Интересно, что Бурлюк считал себя в первую очередь поэтом, а уже потом художником. Среди лидеров русского авангарда он был одним из немногих, кто соединял в себе дар живописный и литературный. Эрих Голлербах в монографии «Поэзия Давида Бурлюка» писал об этом так: «И, наконец, даже знающие Бурлюка „знают“ его обычно очень поверхностно. Между тем творчество Бурлюка — чрезвычайно богатый и любопытный материал для исследователя. Для правильного понимания его поэзии и нужно, в сущности, внимательное ознакомление с его живописью и графикой. Нужно радоваться этой возможности проверить на примерах изобразительного искусства характеристику искусства слова, подметить некоторую общность законов, убедиться в единстве основных мотивов и в мощной силе индивидуального начала. Подобный случай представляется чрезвычайно редко: обычно художники слова бывают если не совсем слепы к произведениям изобразительного искусства, то довольно часто — равнодушны. <…> Случаи же сочетания профессий писателя и художника крайне редки».
А вот что написала Мария Никифоровна Бурлюк во вступительном слове к 55-му номеру (1964—1965) журнала «Color and Rhyme», в котором также опубликована большая подборка стихотворений Давида Бурлюка: «„Я в этот мир пришел, чтобы встретиться с словами“, — говорит поэт о себе. Бурлюк был рожден поэтом и живописцем».

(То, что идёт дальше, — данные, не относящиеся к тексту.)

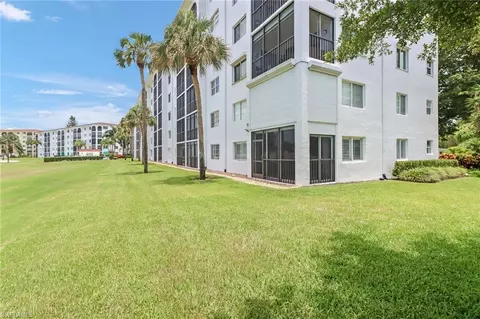 37 High Point Cir E #101, Naples, FL 34103 photo 12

Беспристрастный читатель, конечно же, без труда поймет, что поэзия Давида Давидовича — явление гораздо меньшего масштаба, чем его живопись. Но Давид Бурлюк ценен в первую очередь сочетанием уникальных качеств. И все же одно его стихотворение вошло в историю, став одним из символов русского авангарда, хотя и является вольным пересказом стихотворения Артюра Рембо.
Каждый молод молод молод
В животе чертовский голод
Так идите же за мной…
За моей спиной
Я бросаю гордый клич
Этот краткий спич!
Будем кушать камни травы
Сладость горечь и отравы
Будем лопать пустоту
Глубину и высоту
Птиц, зверей, чудовищ, рыб,
Ветер, глины, соль и зыбь!
Каждый молод молод молод
В животе чертовский голод
Все что встретим на пути
Может в пищу нам идти.
Вот эта молодость, этот задор и являются ключевыми характеристиками авангарда, составной частью которого был и футуризм. И Давид Бурлюк, отнюдь не зря называвший себя «отцом российского футуризма», ощущал это на самом глубинном уровне и всю жизнь этим критериям соответствовал.
И сейчас, спустя 140 лет, масштаб его личности виден все отчетливее.